Shareholders’ right to appoint a proxy
- A shareholder who is entitled to attend and vote at the Meeting, is entitled to appoint one or more proxies to attend and vote on his or her behalf. A proxy need not also be a shareholder. If the shareholder is an individual, the proxy form must be signed by the appointer (or his authorised attorney) or comply with Article 126 of the Articles. If the shareholder is a corporation, the proxy form must be signed on its behalf by an authorised attorney or a duly authorised officer of the corporation or comply with Article 126 of the Articles.
- Proxy forms must clearly indicate whether the proxy is to vote in their discretion or in accordance with the voting instructions sheet attached to the proxy form. Your proxy shall vote as you have directed in respect of the resolutions set out in this notice or on any other resolution that is properly put to the Meeting. If the proxy form is returned to the Company without any indication as to how the proxy shall vote, generally or in respect of a particular resolution, the proxy shall exercise their discretion as to how to vote or whether to abstain from voting, generally or in respect of that particular resolution (as applicable).
- Where the shareholder is a corporation, a document evidencing the signatory right of the officer signing the proxy form, must be submitted with the proxy form. Where the proxy form is signed on behalf of the shareholder by an attorney (rather than by an authorised representative, in the case of a corporation), the original power of attorney or a copy thereof certified or notarised in a manner acceptable to the Board of Directors must be submitted to the Company, failing which the appointment of the proxy may be treated as invalid.
- The original signed proxy form and, if applicable, other supporting documents (required pursuant to the above instructions), must be received by Euroclear Sweden AB no later than Thursday 2 May 2024 by (i) e-mail to [email protected] or (ii) mail to: Kambi Group plc, c/o Euroclear Sweden AB, Box 191, SE-101 23 Stockholm, Sweden.

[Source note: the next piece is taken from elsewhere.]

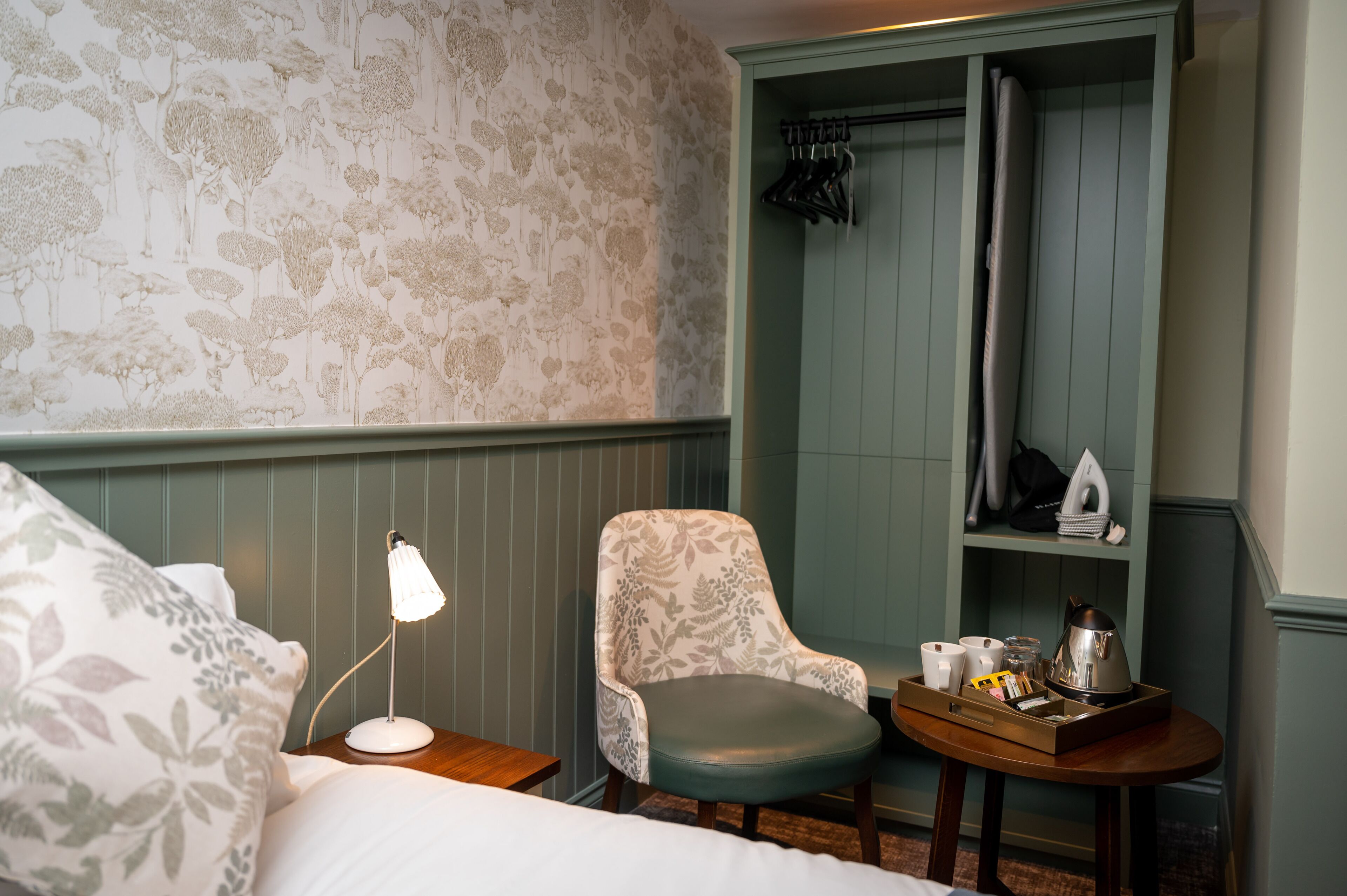 A neatly arranged hotel room with a bed, a chair, a small table with a tray, and a wardrobe with hanging clothes.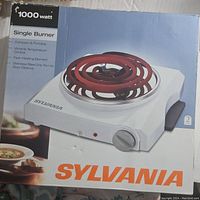 Box of the Sylvania 1000 watt single burner with product image and branding.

Shareholders are therefore encouraged to submit their proxy forms (and other supporting documents, if any) as soon as possible.
- Proxy forms are available on the Company website www.kambi.com under the General Meetings section
- Aggregated attendance notifications and proxy data processed by Euroclear Sweden AB must be transmitted to and received by the Company by email at [email protected] not less than 48 hours before the time appointed for the Meeting and in default shall not be treated as valid
Agenda
1. Opening of the Meeting
2. Election of Chair of the Meeting
3. Drawing up and approval of the voting list
4. Approval of the Agenda
5. Determination that the Meeting has been duly convened
6. Election of two persons to approve the minutes
7. Presentation of the Annual Report and the Financial Statements of the Company for the year ended 31 December 2023 and the Reports of the Directors and Reports of the Auditors thereon
8. The CEO’s presentation
Ordinary Business (Ordinary Resolutions)
9. To receive and approve the Annual Report and the Financial Statements of the Company for the year ended 31 December 2023 and the Reports of the Directors and Reports of the Auditors thereon (Resolution a)
10. To approve the remuneration report set out on page 53 of the Company’s Annual Report and Financial Statements for the year ended 31 December 2023 (Resolution b)
11. To determine the number of Board members (Resolution c)
12. To determine the Board members’ fees (Resolution d)
13. To re-elect Anders Ström as a Director of the Company (Resolution e)
14. To re-elect Patrick Clase as a Director of the Company (Resolution f)
15. To re-elect Marlene Forsell as a Director of the Company (Resolution g)
16. To appoint Kristian Nylén as a Director of the Company (Resolution h)
17. To appoint Benjie Cherniak as a Director of the Company (Resolution i)
18. To appoint the Chair of the Board (Resolution j)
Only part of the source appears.